3 - 4 years back the gear shift did not want to go into PARK and and the gear indicator was out of register. Unit would not start and I had to move shift lever to N to start. Fixed the two screws on shift plate/column per this site. Then 18 months ago same thing begin to occur but this time I used blue thread lock to hold screws in place. Still had to throw into park to get it to stay.
6 months ago shifter became very difficult to move and near impossible to get into PARK. When in PARK the interlock must have not been engaged so had to move to N or push lever hard into PARK to start.
Tired of this so I cruised the site and found several posts on taking dash apart, repairing a broken shift tube and or replacing bushings.
Battery disconnected, dash apart, cluster out, steering wheel still on and steering column still in position. Shift tube appears OK, i.e. not broken as in one post, bushings appears OK as there is no play or slop evident, but I cannot get the shift lever to move from PARK, period.

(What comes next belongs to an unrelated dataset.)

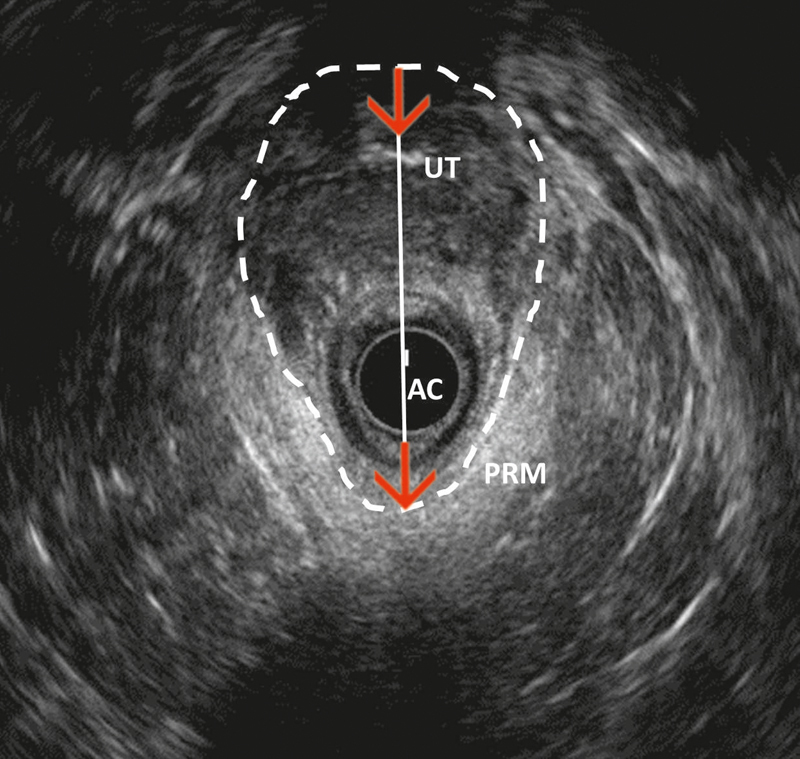 Fig. 17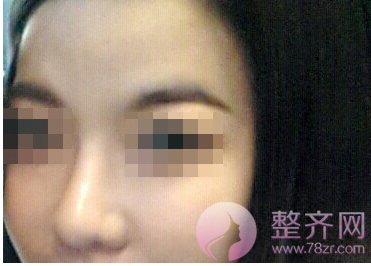 上海鼻部手术手术,面部填充术后5个月案例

When the shift lever is pulled toward the wheel, a pawl on the tube causes a plastic or nylon arm to move about 90 degrees. It must be a stop or safety of some sort. I have not dug deep enough to see the shift plate with the two screws. At 75 I find it difficult to lay upside down to reach and hope I can get to them from the top.
Questions:
1. How do I get it out of PARK to check all things on shift tube and gear selector units?
2. Does the battery need to be connected for the interlocks to function?
3. Do I need to drop the column to check on shift tube items?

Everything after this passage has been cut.